По своей доброте, кротости, способности сильно привязываться к своим приближенным Алексей походил на своего отца. Но у него был более живой характер, более крепкий темперамент, и он получил воспитание, более соответствующее его положению. Воспитанием его руководил с тринадцати лет боярин Борис Иванович Морозов.
Потеряв свою мать вскоре после смерти отца, молодой царь оказывал полное доверие своему воспитателю, и ему он был обязан во многих отношениях. Морозов был человек интеллигентный, ловкий, достаточно образованный для того времени, но не умевший, к сожалению, ни подняться над ролью фаворита, ни сдержаться, чтобы не злоупотреблять своим положением. После Морозова самым влиятельным лицом из приближенных нового государя был думский дьяк, Назар Чистый, бывший до того ярославским торговцем, оба они подчинялись влиянию голландского купца, Винниуса. То был первый иностранец, влиявший на дела страны.

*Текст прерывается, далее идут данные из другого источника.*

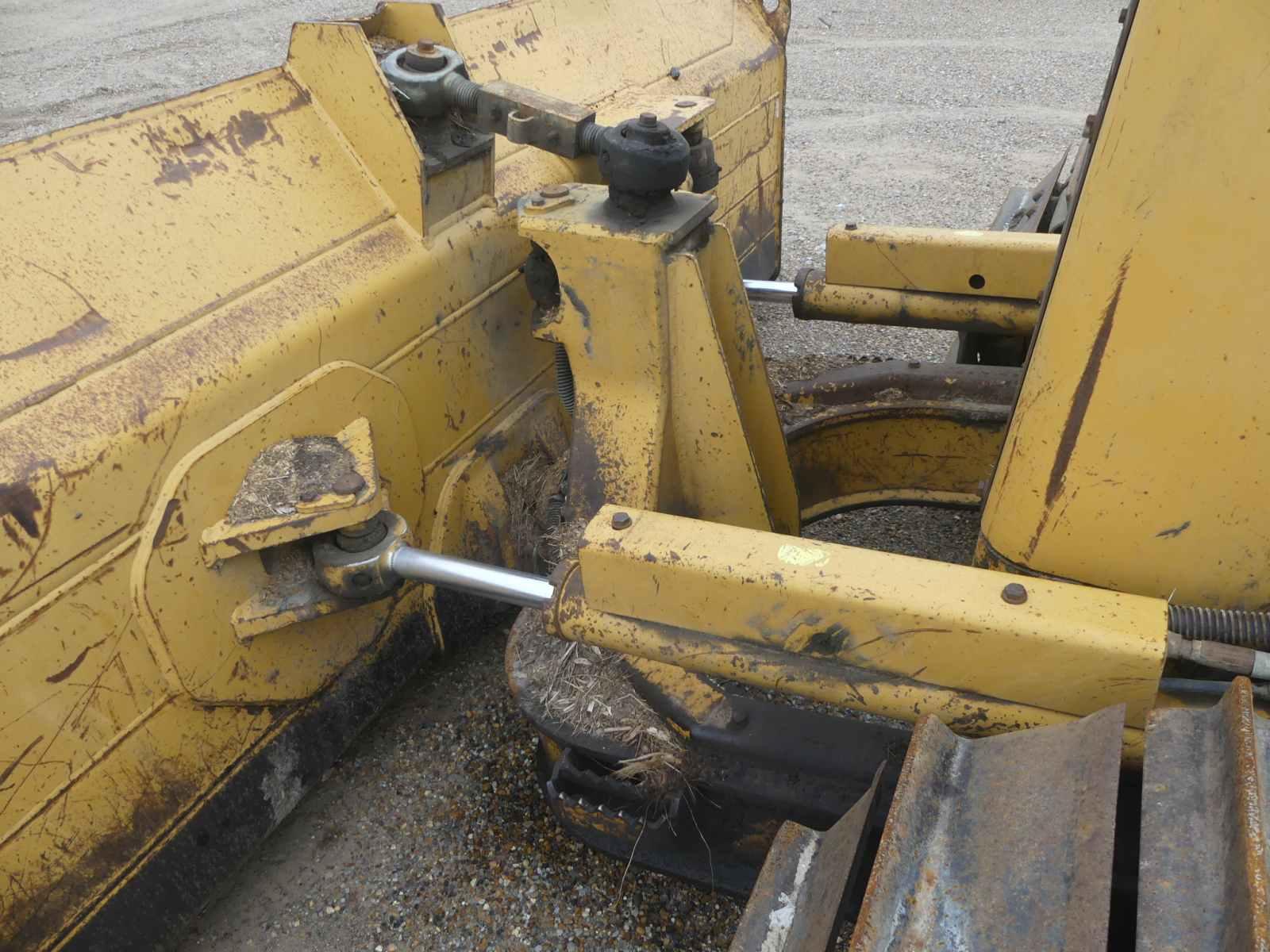 2007 Cat D5G LGP Dozer, s/n RKG03553: Canopy, Screen 6-way Blade, Pull Bar,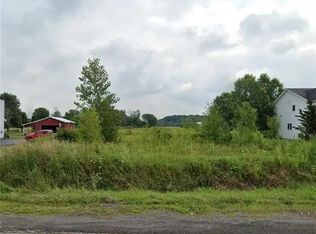 6455 Salt Rd, Clarence, NY 14031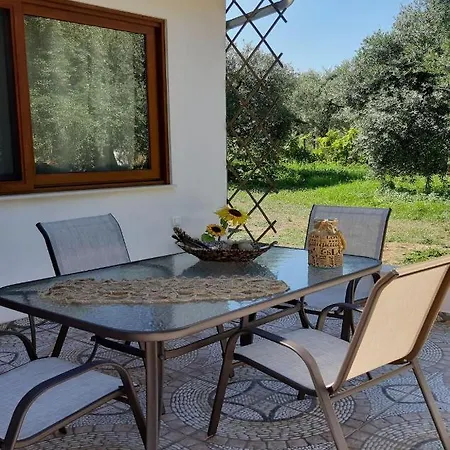 Anna - Maria Luxury * Szkála Rahoníu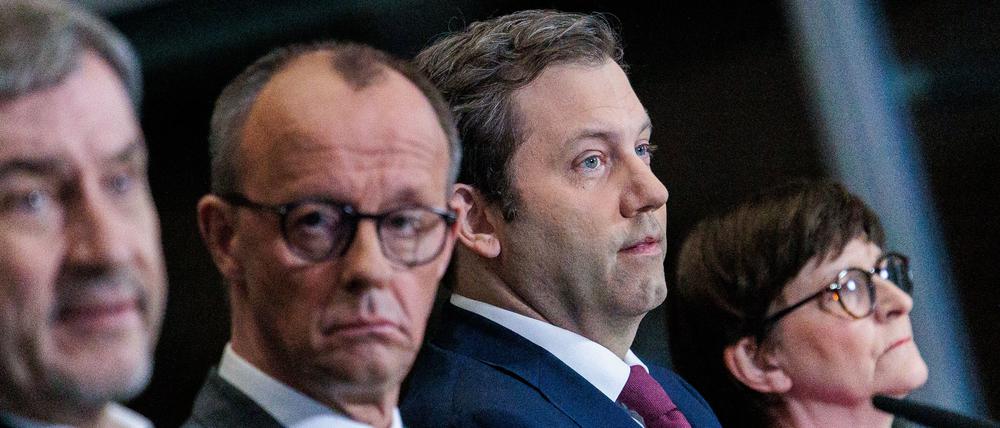 Markus Söder (l-r), Vorsitzender der CSU und Ministerpräsident von Bayern, Friedrich Merz, Kanzlerkandidat der Union, Fraktionsvorsitzender der Union und Bundesvorsitzender der CDU, Lars Klingbeil, Fraktionsvorsitzender der SPD und Bundesvorsitzender, und Saskia Esken, Parteivorsitzende der SPD, geben eine Pressekonferenz zu den Sondierungsgesprächen zwischen der Union und der SPD.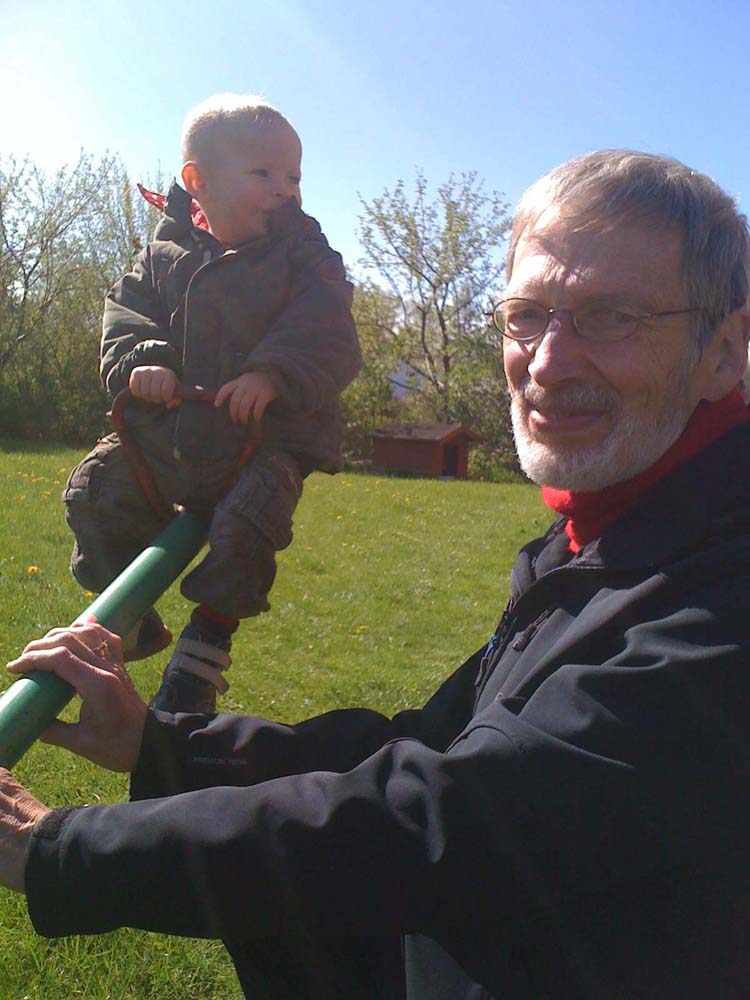 20100505_1023_jonas_mit_uwe_auf_der_neuen_wippe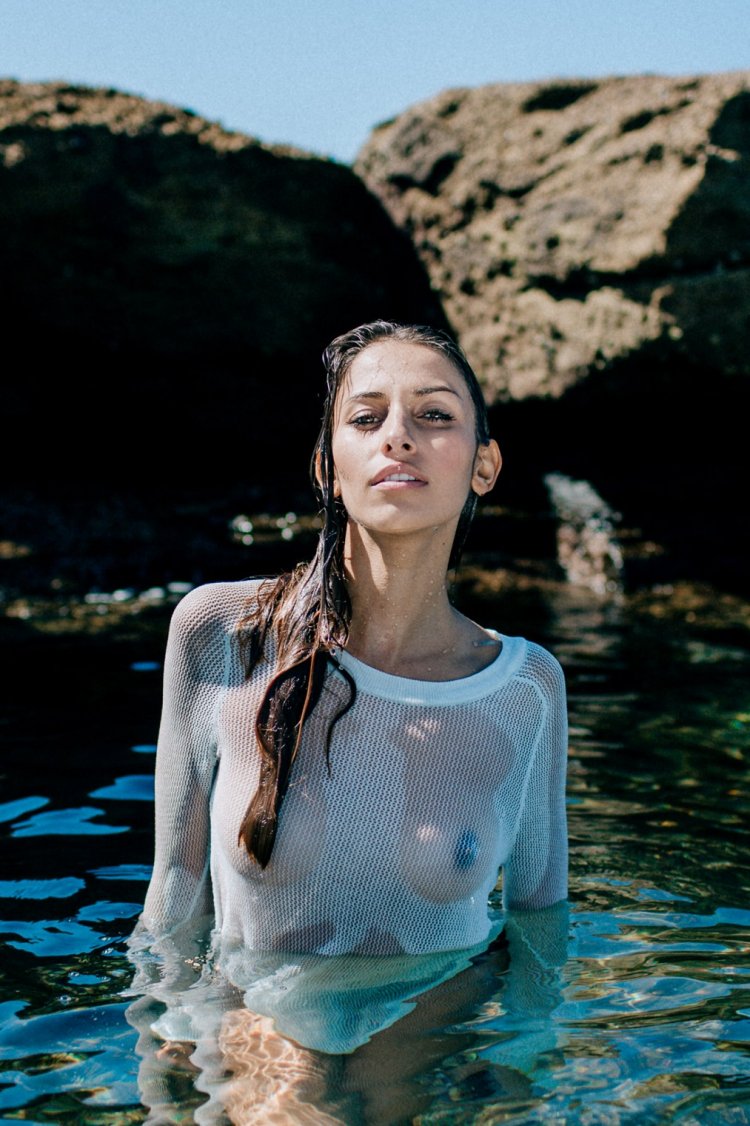 Голые девки в прозрачной воде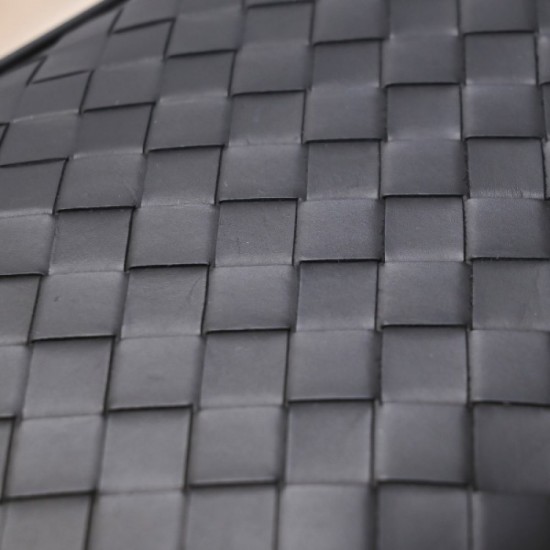 This summer's big favorite clutch bag 2022SS BOTTEGA VENETA This summer's big favorite clutch bag 2022SS BOTTEGA VENETA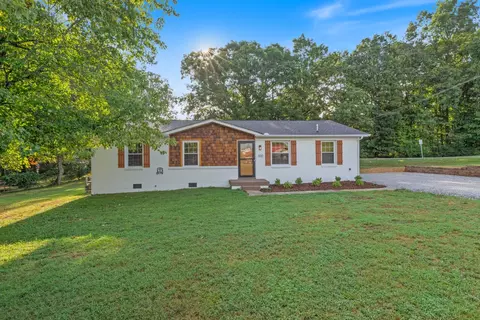 Exterior - 100 Short St, Dickson, TN 37055 photo 3 of 12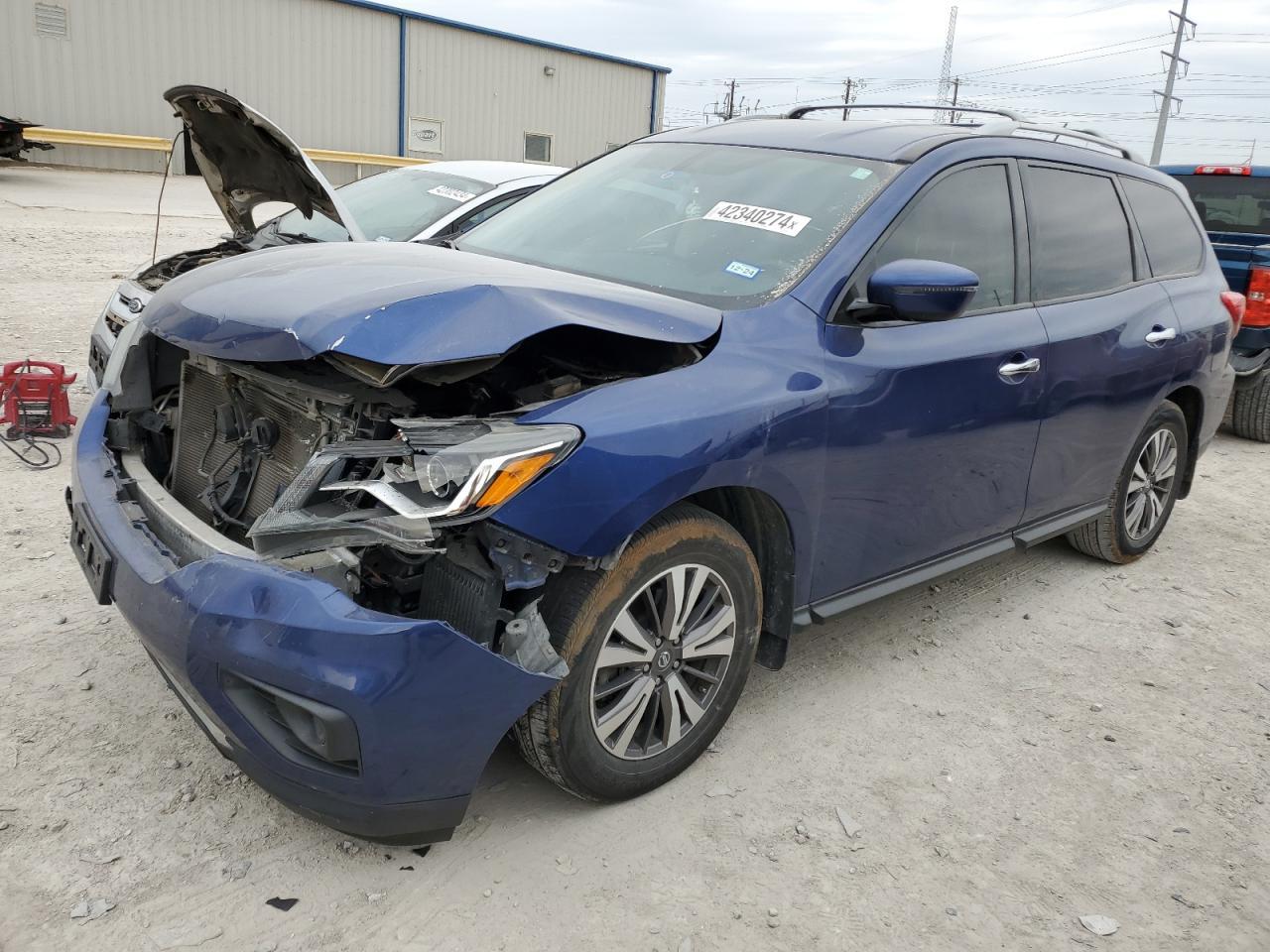2017 NISSAN PATHFINDER
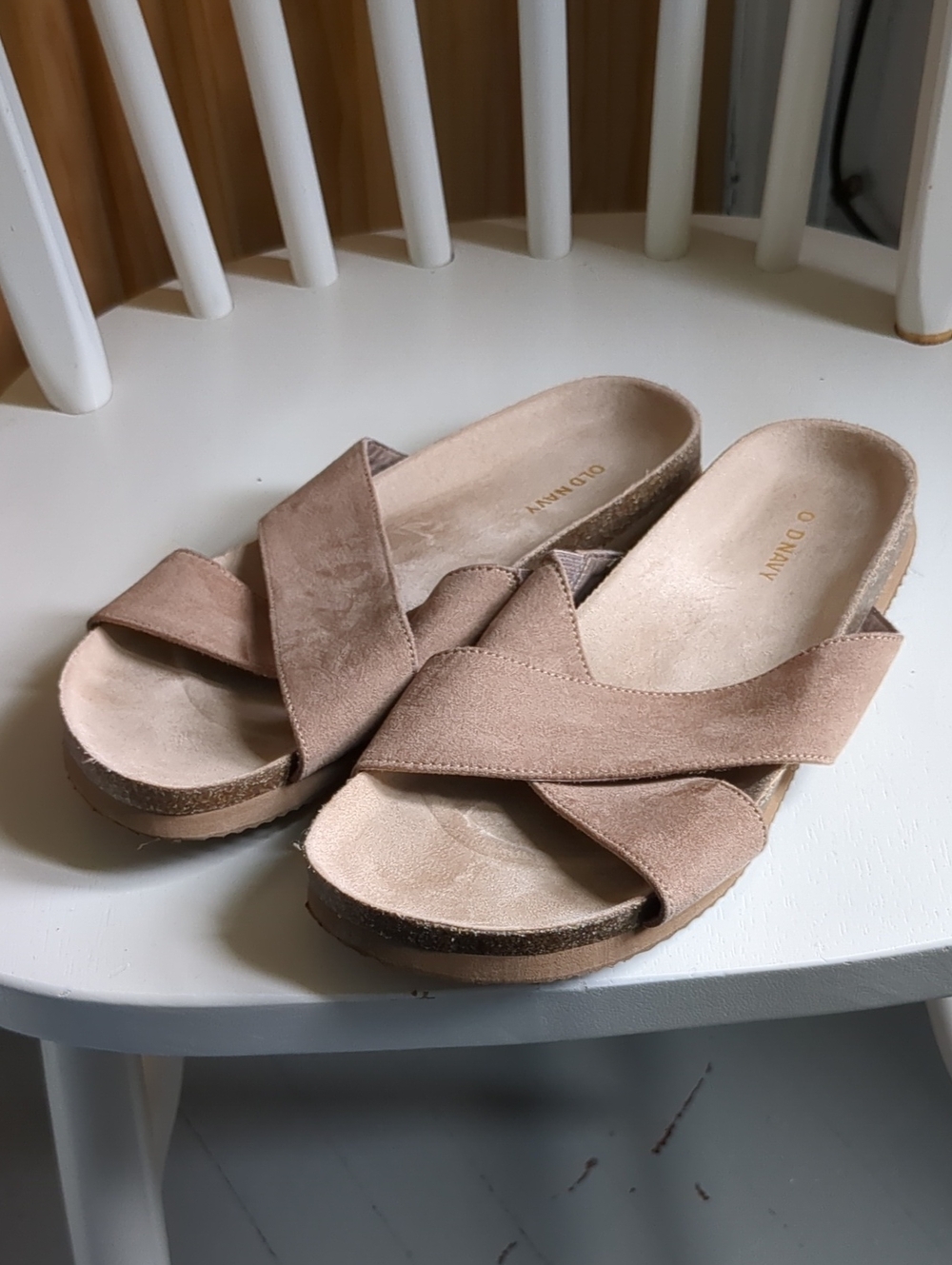 Old Navy Women’s Taupe Crisscross Slide Sandals. Size 9.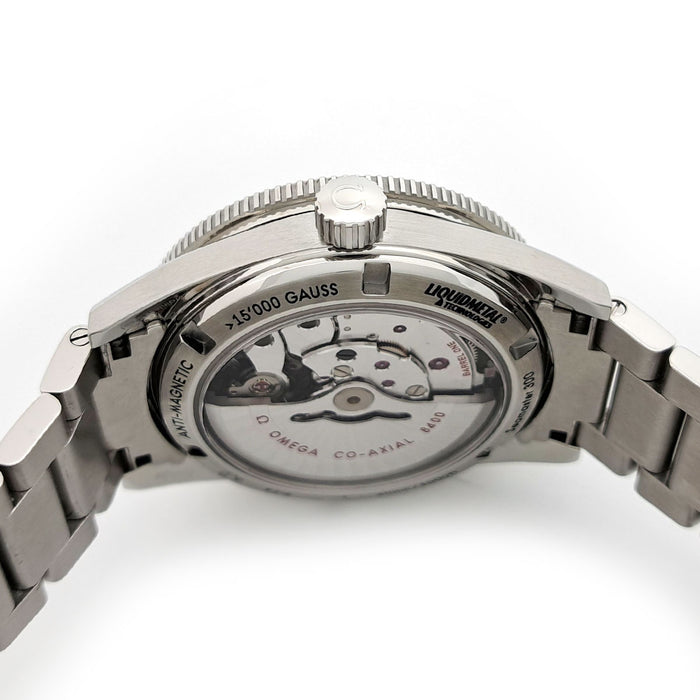 OMEGA 
シーマスター 300 マスター コーアクシャル 
箱ギャラ付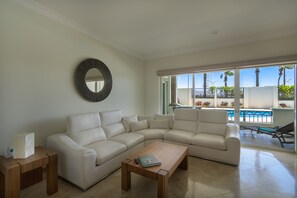 TV - Cabo Village Luxury 2br/2ba walking distance beach (Cabo San Lucas)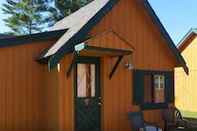 Exterior Cabins of Mackinaw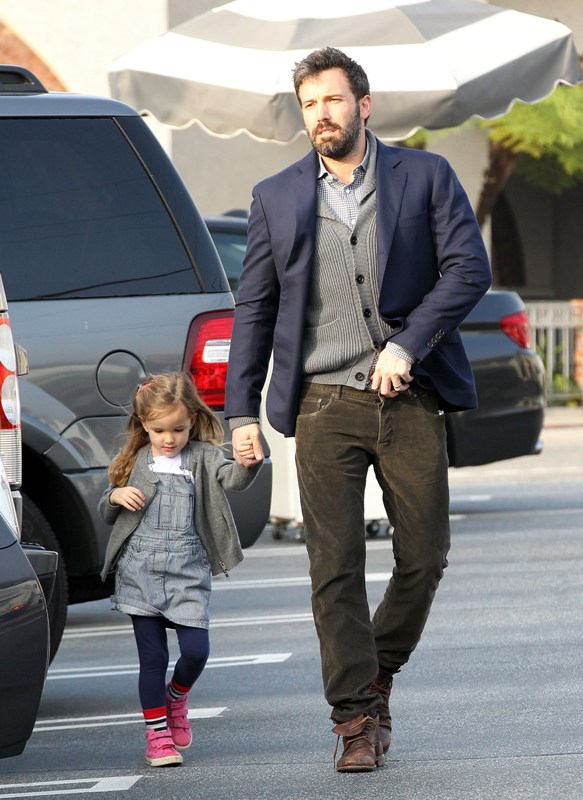 Ben Affleck with Jennifer Garner and Seraphina before the BAFTAs|Lainey ...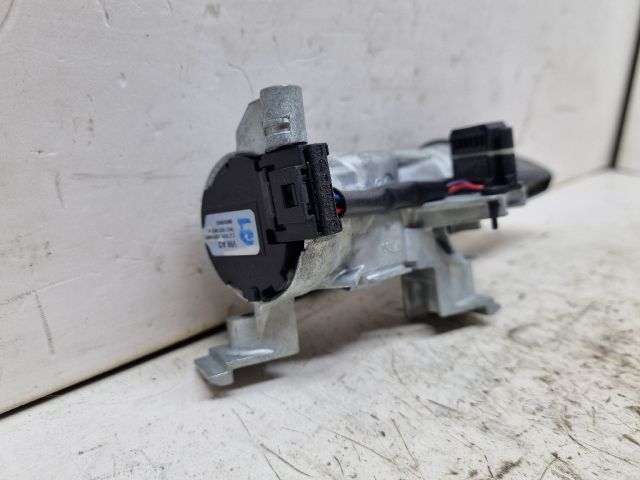 bontott VW GOLF V Motorvezérlő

Находясь в такой компании, Алексей не рисковал сойти с пути, по которому Михаил, увлекаемый неудержимыми течениями, уже сделал несколько робких шагов.
По свидетельству одного современника,[30] восшествию на престол Алексея предшествовал созыв избирательного Собора. Это указание трудно согласовать с известным фактом принесения присяги подданными нового царя тотчас после смерти его предшественника.[31] Может быть речь идет о фиктивном избрании, для которого недавние события послужили необходимостью, доставив даже его формулу.
Алексей, или скорее его воспитатель, начал свое управление прекращением дела принца Вальдемара и несчастного Лубы. Первый получил возможность уже в 1645 году отправиться в Копенгаген, а польские послы получили разрешение увезти с собою другого, обещав только заключить его на всю жизнь в крепость.
Этим однако не было еще покончено ни с претендентами, ни с поляками. Посланный в Москву Владиславом, в 1646 году, красноречивый и уступчивый киевский кастелян, Адам Кисель, напрасно сравнивал Москву и Польшу с двумя ливанскими кедрами, вышедшими из одного и того же ствола. Замаскировывая более глубокий антагонизм, в котором было поставлено позже на карту будущее обеих стран, спорный вопрос о титулах поддерживал между ними глубокую вражду. И в то же время еще более страшная для Польши, чем для Москвы, опасность конфликта с Портою препятствовала единственному пункту соглашения, который мог бы их соединить против общего врага: против татар.